Revolver, Part I, Matt’s Gallery
Reviewed by Eliza Apperly
Between the 5th September and the 18th November, Matt’s Gallery presents ‘Revolver’, a fast-paced, three-part series of ten artists who will display work in groups of three or four. In Part I, co-curators Richard Grayson and Robin Klassnik, Director of Matt’s Gallery, set the precedent for a project characterised by its mixed media which seeks to prompt reverberations across time, themes and formal concerns.
Each participant in ‘Revolver’ Part I has an independent exhibition brochure and an individual room within the expansive gallery area. Divided by walls and separated on paper, Layla Curtis, Andrew Kötting and Juneau Projects are treated with the autonomy of a single artist survey and receive, as such, the spectator’s concentrated attention. We become absorbed in the particularities of style, subject and practice: mesmerised by the itinerant, absurd, movements and mutterings of Kötting’s black and white, Beckettian movie, ‘Klipperty Klöpp’ (1984), captivated by Juneau Project’s robot-worked landscapes in ‘The Capexagon Series’ (2011) and dizzied by Curtis’ ‘Tong Tana’ (2012) where jolting point of view footage proceeds through the Borneo jungle, beset by blinding sunlight and insect noise. Each room becomes such a unique, immersive, viewing experience that to emerge from one and enter the other seems almost a betrayal.
As we recalibrate eyes and mind from film to mechanised painting and back to film, however, resonances do indeed emerge, and resonances all the more organic for the fact that each of the displayed pieces was selected when already in progress or completed, rather than specially commissioned. In ‘Tong Tana’ and ‘The Capexagon Series’, for instance, we find the same basic intent to evoke a particular landscape. Where Juneau Projects, with their ongoing investigation into the relationships between natural, social and technological strata, used a laptop powered paintbrush to portray a woodland setting, Curtis, famous for her enquiries into navigation and mapping, employed a head-mounted camera and binaural microphones and a hunter from the semi-nomadic Penan of Borneo, one of the last surviving hunter-gatherer tribes in the world. While the topography of the two projects leaps from the rustic to the rainforest, both Tong Tana and The Capexagon Series explore the elemental human need to know, understand and master an environment, with the ultimate mastery, perhaps, in its representation.

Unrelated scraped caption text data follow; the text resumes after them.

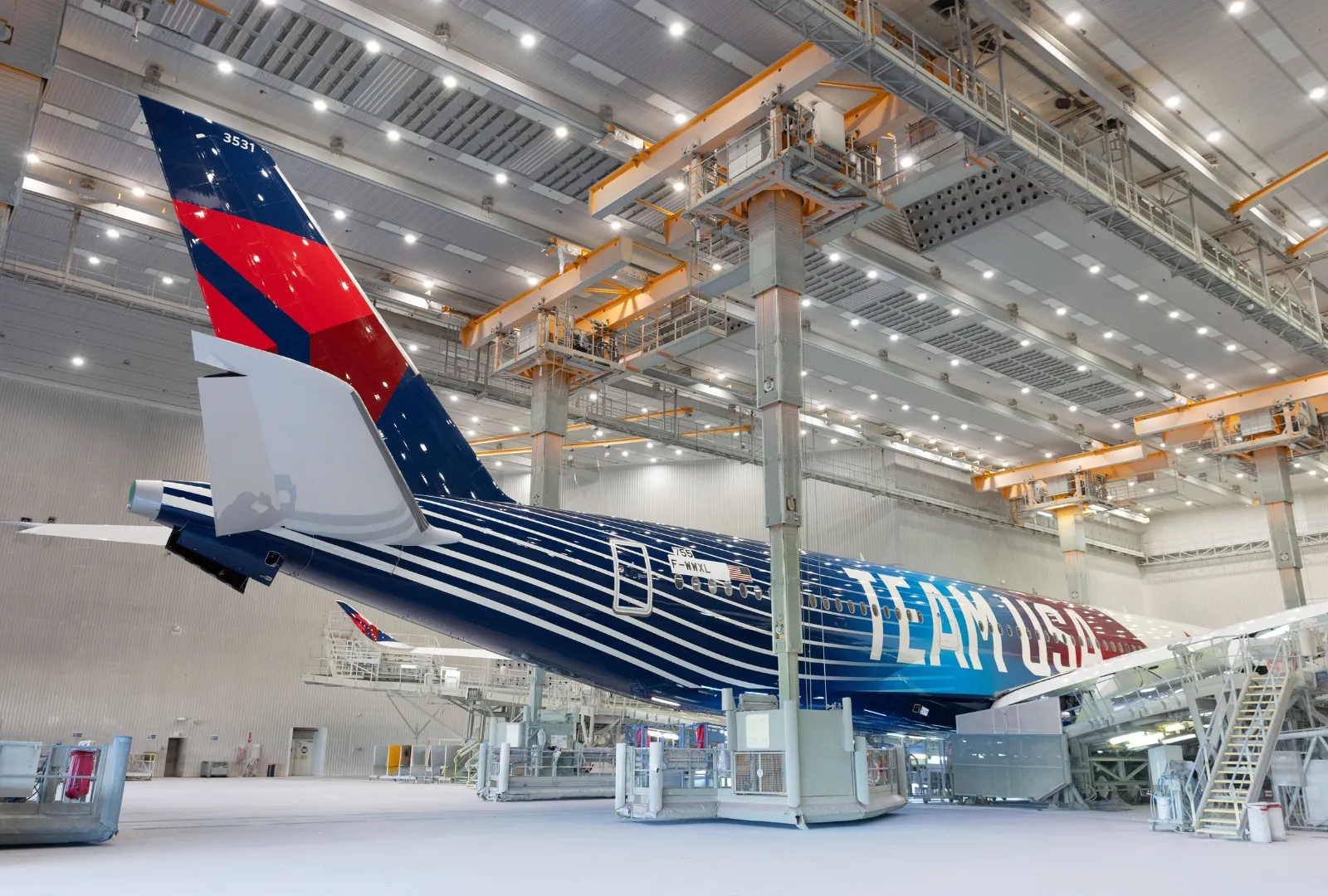 DELTA A350-900 TEAM USA デルタ航空 オリンピック ph Delta Adds Team USA Olympic Winter Games 2026 Livery to A350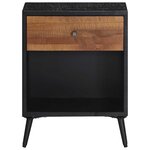 vidaXL Table de chevet 40x30x50 cm bois massif de teck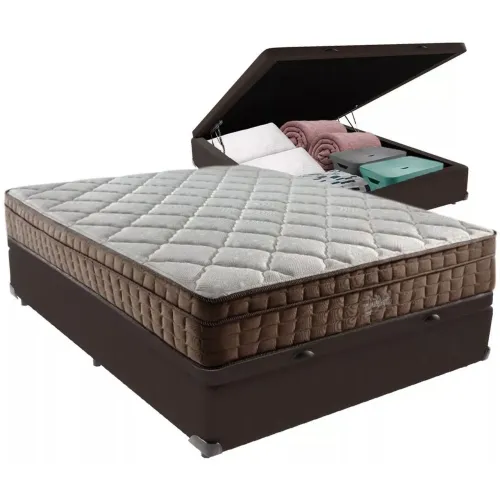 Colchão Casal Star One + Base box Baú - Entrega Rápida 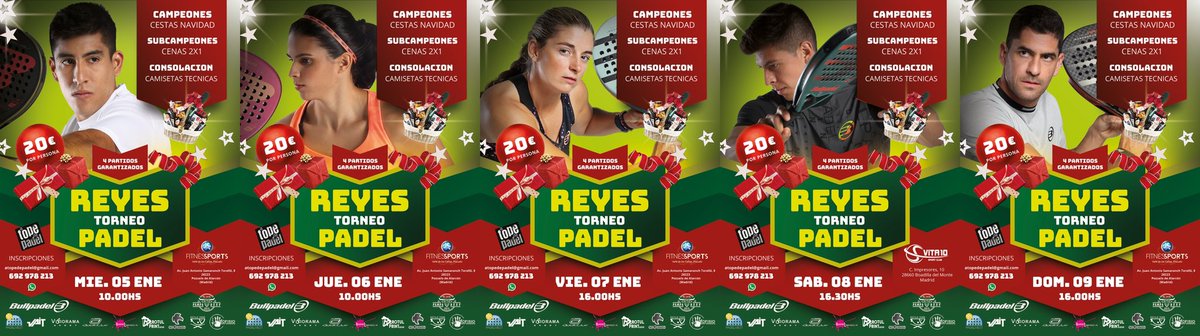 ATopeDePadel's tweet photo. ¡Se vienen los Torneos @ATopeDePadel de Reyes! En estos Torneos te puedes ganar unas exclusivas cestas con seleccionados productos de calidad. ¡Contamos contigo! 🎾 Toda la Info 692978213 🎾 https://t.co/rSvZe6Onen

Against human proficiency, Kötting’s ‘post punk piece of pagan sensibility’, ‘Klipperty Klöpp’ and Juneau Projects’ ‘Sleepwake’ (2011) challenge perceptions of progress and purpose. ‘Klipperty Klöpp’ sees Kötting repeatedly, frenziedly running up and down a bleak hillside and round a field in a figure-of-eight pattern, intermittently imitating the trot and canter of a horse. Layers of sound accompany this solemn activity, merging church bells with bagpipes, choral singing and a monologue which ranges from the mythical (‘to the end of the earth’) to the vernacular (‘whoopsie daisy’) with a rhythm and repetition reminiscent at once of liturgy and Gertrude Stein. Alongside this absurdist drama, fraught with our search for meaning, ‘Sleepwake’ questions whether meaning and thinking is still really the property of humanity, with a Pacman-styled robot seemingly ‘blinking’ with cognitive sparks.
As such intricate associations materialise across three very distinctive and deeply involving artistic encounters, so too does a valuable conversation space evolve. ‘Revolver’ promises to be a dynamic, discursive venture, not only presenting top quality artists but also exploring display practice, curatorial approaches and exhibition models.